▶ **TASK**:
Set down, please, exactly the lines below that run from the line with "New Stylish and" to the line with "Mid-Century Modern Animals: Black", both lines included.

▶ **GIVEN RECORDS**:
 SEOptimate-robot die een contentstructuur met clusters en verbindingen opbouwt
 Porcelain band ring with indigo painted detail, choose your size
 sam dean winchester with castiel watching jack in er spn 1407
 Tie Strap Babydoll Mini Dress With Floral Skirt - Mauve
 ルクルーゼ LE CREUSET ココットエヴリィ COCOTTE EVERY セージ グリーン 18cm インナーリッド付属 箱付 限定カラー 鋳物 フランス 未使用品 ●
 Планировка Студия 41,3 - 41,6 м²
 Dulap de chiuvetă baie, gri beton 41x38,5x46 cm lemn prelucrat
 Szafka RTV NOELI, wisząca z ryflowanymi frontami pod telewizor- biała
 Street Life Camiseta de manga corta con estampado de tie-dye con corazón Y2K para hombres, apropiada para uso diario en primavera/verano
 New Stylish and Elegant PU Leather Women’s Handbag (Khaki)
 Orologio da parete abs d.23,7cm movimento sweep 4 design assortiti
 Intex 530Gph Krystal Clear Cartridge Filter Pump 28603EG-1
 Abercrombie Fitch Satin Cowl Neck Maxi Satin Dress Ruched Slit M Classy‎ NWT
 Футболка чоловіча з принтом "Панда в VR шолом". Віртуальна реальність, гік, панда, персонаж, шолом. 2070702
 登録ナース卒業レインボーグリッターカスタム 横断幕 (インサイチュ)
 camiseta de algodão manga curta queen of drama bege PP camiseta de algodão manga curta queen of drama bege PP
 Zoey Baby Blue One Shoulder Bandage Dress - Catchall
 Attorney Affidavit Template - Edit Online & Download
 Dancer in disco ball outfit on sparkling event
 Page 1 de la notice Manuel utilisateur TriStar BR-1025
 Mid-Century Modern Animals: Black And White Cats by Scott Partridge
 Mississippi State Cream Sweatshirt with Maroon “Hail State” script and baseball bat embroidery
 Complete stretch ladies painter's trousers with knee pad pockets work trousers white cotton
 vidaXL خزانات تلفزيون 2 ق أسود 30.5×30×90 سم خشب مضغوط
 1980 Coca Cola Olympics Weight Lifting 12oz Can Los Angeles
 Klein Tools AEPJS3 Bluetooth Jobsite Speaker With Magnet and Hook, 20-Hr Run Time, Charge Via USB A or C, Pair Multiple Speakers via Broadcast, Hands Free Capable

▶ **RESULT OF THIS EXERCISE**:
 New Stylish and Elegant PU Leather Women’s Handbag (Khaki)
 Orologio da parete abs d.23,7cm movimento sweep 4 design assortiti
 Intex 530Gph Krystal Clear Cartridge Filter Pump 28603EG-1
 Abercrombie Fitch Satin Cowl Neck Maxi Satin Dress Ruched Slit M Classy‎ NWT
 Футболка чоловіча з принтом "Панда в VR шолом". Віртуальна реальність, гік, панда, персонаж, шолом. 2070702
 登録ナース卒業レインボーグリッターカスタム 横断幕 (インサイチュ)
 camiseta de algodão manga curta queen of drama bege PP camiseta de algodão manga curta queen of drama bege PP
 Zoey Baby Blue One Shoulder Bandage Dress - Catchall
 Attorney Affidavit Template - Edit Online & Download
 Dancer in disco ball outfit on sparkling event
 Page 1 de la notice Manuel utilisateur TriStar BR-1025
 Mid-Century Modern Animals: Black And White Cats by Scott Partridge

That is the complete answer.